Les personnages de Patrick Senécal connaissent bien la colère. Souvent animés par un désir de vengeance à vous glacer d’effroi, ils se laissent dévorer par cette bête intérieure qui sommeille dans les profondeurs de la nature humaine, une bête prête à mordre n’importe quoi pour calmer sa faim. Colère, quand tu tiens ta proie...

Que se passe-t-il quand la vie t’arrache ceux auxquels tu tiens le plus? Jusqu’où la colère peut-elle pousser une âme désespérée? Loin, très loin, à en croire plusieurs des romans de M. Senécal. S’aventurer sur le chemin de la colère, c’est entreprendre un voyage d’où on ne revient jamais gagnant. « L’idée de base reste de montrer que cette colère démesurée est vaine, qu’elle mène tout droit à l’échec, mais qu’elle est aussi humaine et existe en chacun de nous. La solution n’est donc pas de l’étouffer (elle finirait par exploser un jour ou l’autre de toute manière)… en fait, je n’ai pas vraiment de pistes de solution! », admet ce maître de l’horreur qui confirme être fasciné par cette étrange impasse émotive.

« En fait, l’indignation, la colère du quotidien, je crois qu’elle peut être saine si elle est bien canalisée, nuance l’auteur des Sept jours du talion.

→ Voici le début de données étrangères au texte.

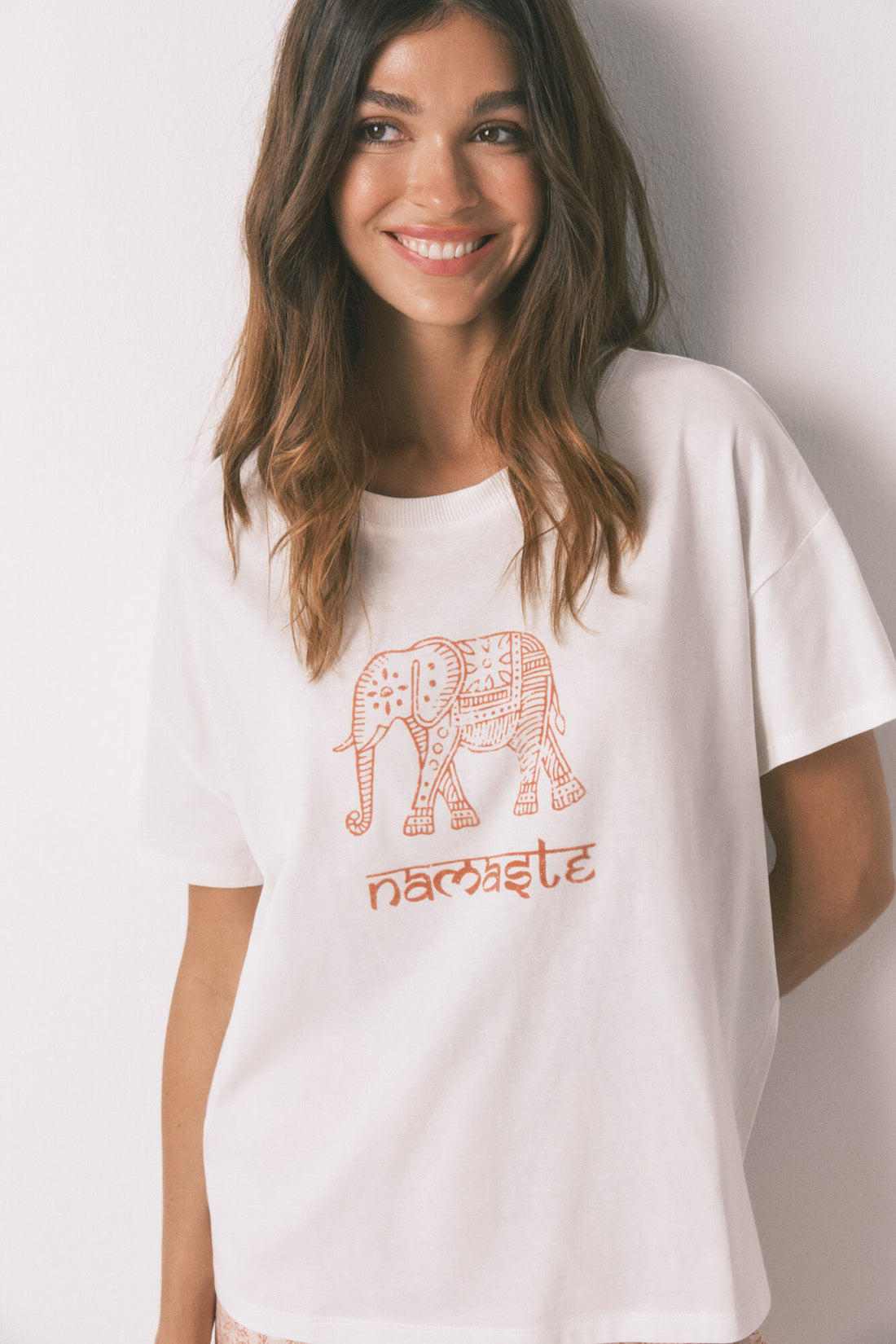 Women Secret_Ivory_100% Cotton "Namaste" Ivory T-Shirt_3272286_96_01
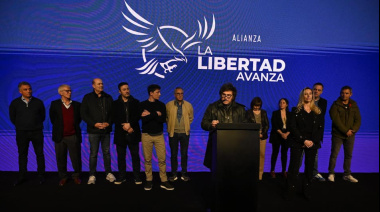 Tras la derrota, Milei conformará una mesa política y otra de diálogo con gobernadores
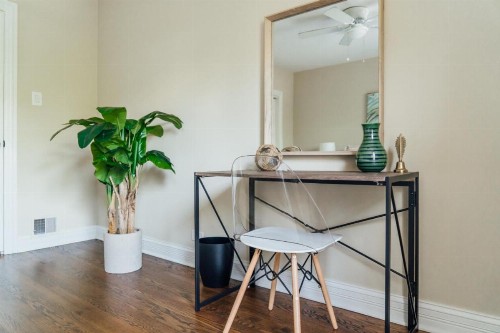 Spacious 2BR Apt Close to Airport & Parking - image 32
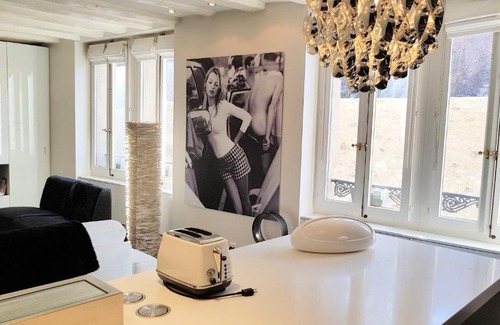 Bourg-de-Four Apartment | Fontaine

Je ne crois pas qu’être bonasse ou candide soit quelque chose de positif. Je vois la colère un peu comme une course dans une pente descendante. Si tu cours trop vite, vient un moment où tu n’es plus capable de t’arrêter, et tu réalises que cette course-là ne peut que mal finir. »

Le romancier et scénariste n’a pas peur d’avouer qu’il s’indigne lui-même facilement dans la vraie vie. Sa bête noire? « La mythification de l’écrivain! », répond-il sans hésitation et sans détour, grognant contre ces écrivains qui aiment se donner une image romantique. « Quand j’entends des écrivains dire qu’ils doivent être sur le bord d’un lac pour écrire, que personne ne doit les déranger… Moi, l’écrivain qui ne vit pas comme les autres, qui ne ressent pas les choses comme les autres, qui ne pense pas comme les autres, ça me dépasse. Pour moi, un écrivain c’est un travailleur comme les autres. Et il doit s’occuper de ses enfants et être fin avec sa blonde comme tout le monde; la colère de l’artiste qui excuse tout, je suis pas capable! Les écrivains qui jouent les tourmentés, tout ça m’emmerde! Il y a des avocats qui souffrent eux aussi quand ils lisent des dossiers, est-ce qu’on en parle? Tu peux vivre des souffrances, de la colère, mais ce n’est pas parce que tu es écrivain, c’est parce que tu es humain. Et je ne crois pas que tu es un meilleur écrivain parce que tu souffres. »

Ça grogne un peu à l’autre bout du fil, mais c’est indéniablement plus de l’indignation que de la colère. Rassurez-vous, Patrick Senécal est gentil comme tout.